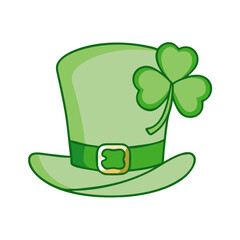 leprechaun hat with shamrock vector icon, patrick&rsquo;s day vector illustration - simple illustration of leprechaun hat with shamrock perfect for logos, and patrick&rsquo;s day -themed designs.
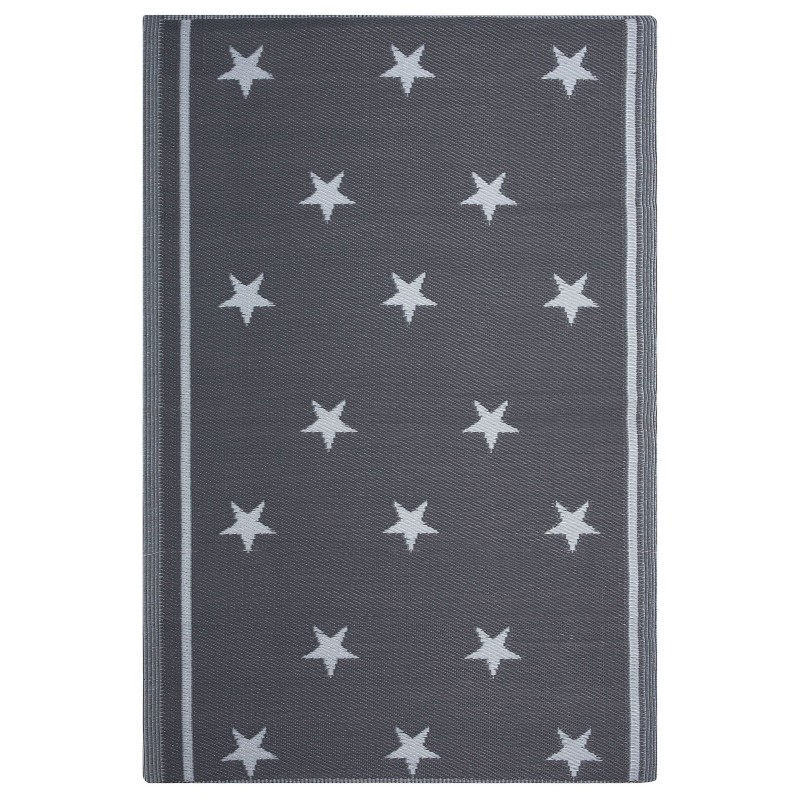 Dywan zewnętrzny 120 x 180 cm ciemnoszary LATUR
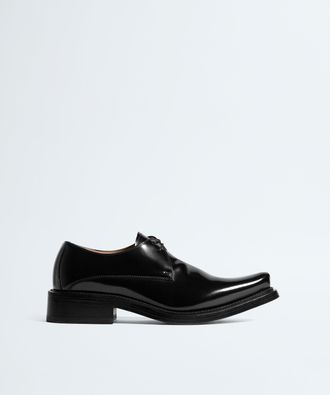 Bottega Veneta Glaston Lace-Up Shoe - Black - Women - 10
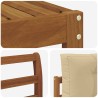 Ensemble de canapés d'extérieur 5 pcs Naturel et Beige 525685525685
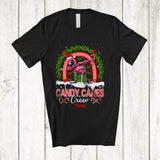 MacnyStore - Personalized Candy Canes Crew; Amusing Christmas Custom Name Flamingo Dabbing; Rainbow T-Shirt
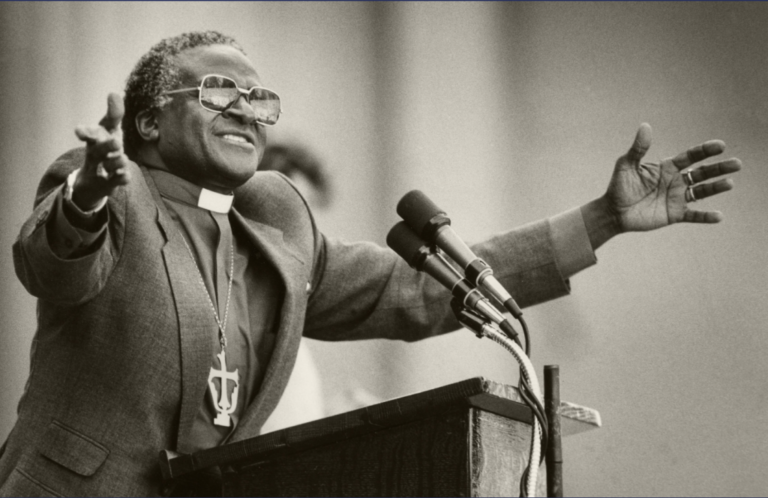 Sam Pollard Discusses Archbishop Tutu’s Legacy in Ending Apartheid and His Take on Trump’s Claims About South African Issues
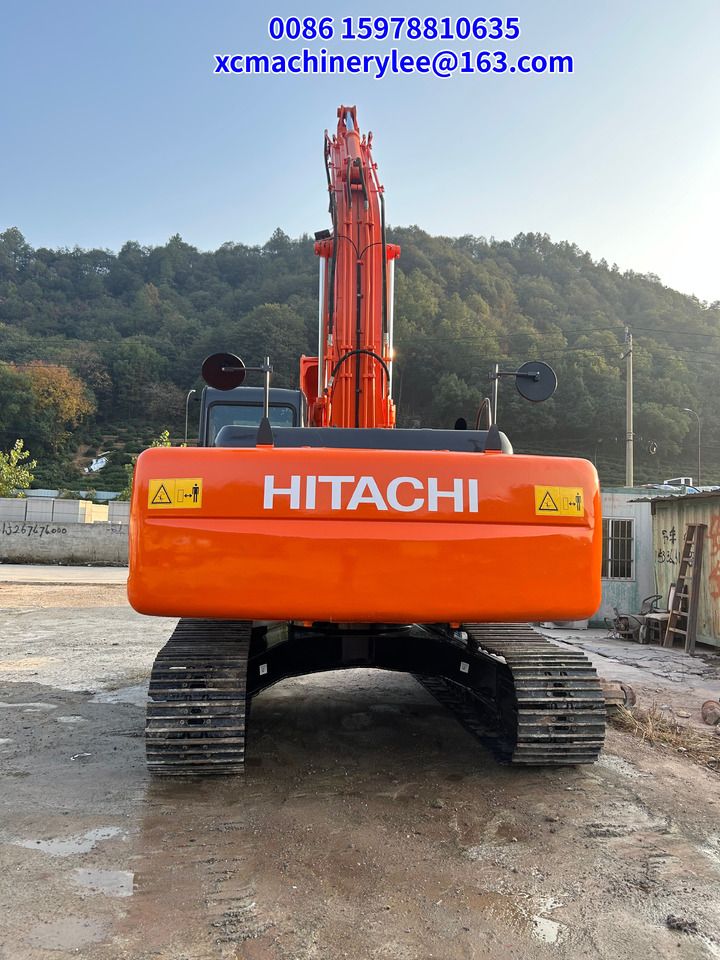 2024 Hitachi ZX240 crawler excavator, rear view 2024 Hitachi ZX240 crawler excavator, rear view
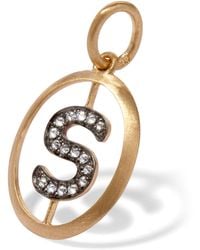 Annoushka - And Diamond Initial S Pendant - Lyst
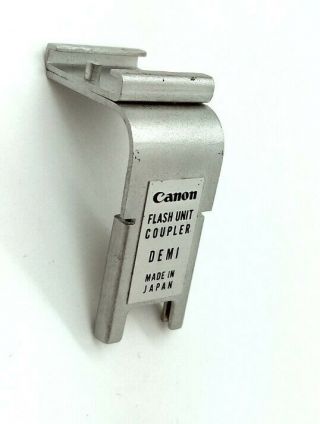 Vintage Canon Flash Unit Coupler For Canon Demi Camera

---

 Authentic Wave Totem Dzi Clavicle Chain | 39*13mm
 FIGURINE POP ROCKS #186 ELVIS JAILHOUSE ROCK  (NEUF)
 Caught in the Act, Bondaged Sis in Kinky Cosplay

* * *

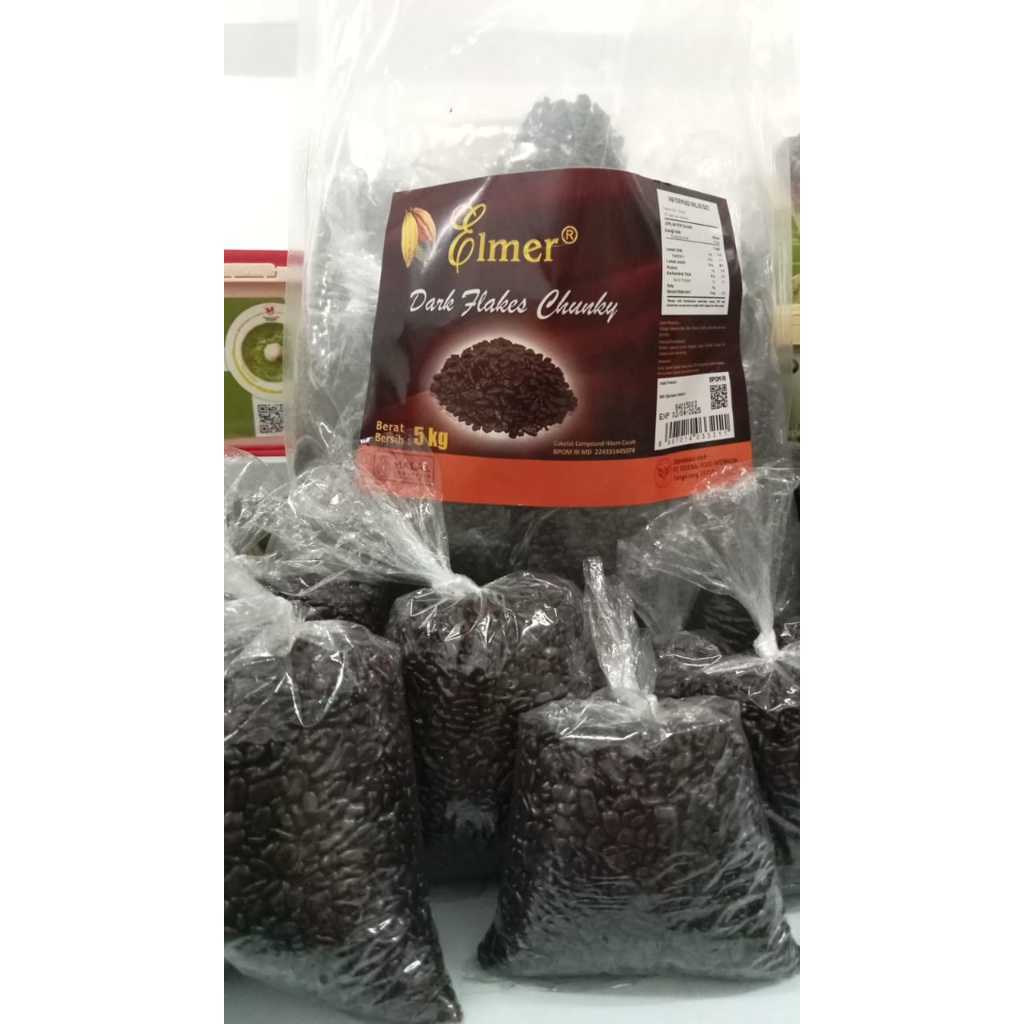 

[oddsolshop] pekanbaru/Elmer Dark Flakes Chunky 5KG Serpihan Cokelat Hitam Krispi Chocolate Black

**Aim of the exercise**
Output only the lines above from the one containing "MacnyStore - Personalized" to the one containing "Sam Pollard Discusses", both included, exactly as written and with no pictures.

**Answer to this problem**
 MacnyStore - Personalized Candy Canes Crew; Amusing Christmas Custom Name Flamingo Dabbing; Rainbow T-Shirt
 Sam Pollard Discusses Archbishop Tutu’s Legacy in Ending Apartheid and His Take on Trump’s Claims About South African Issues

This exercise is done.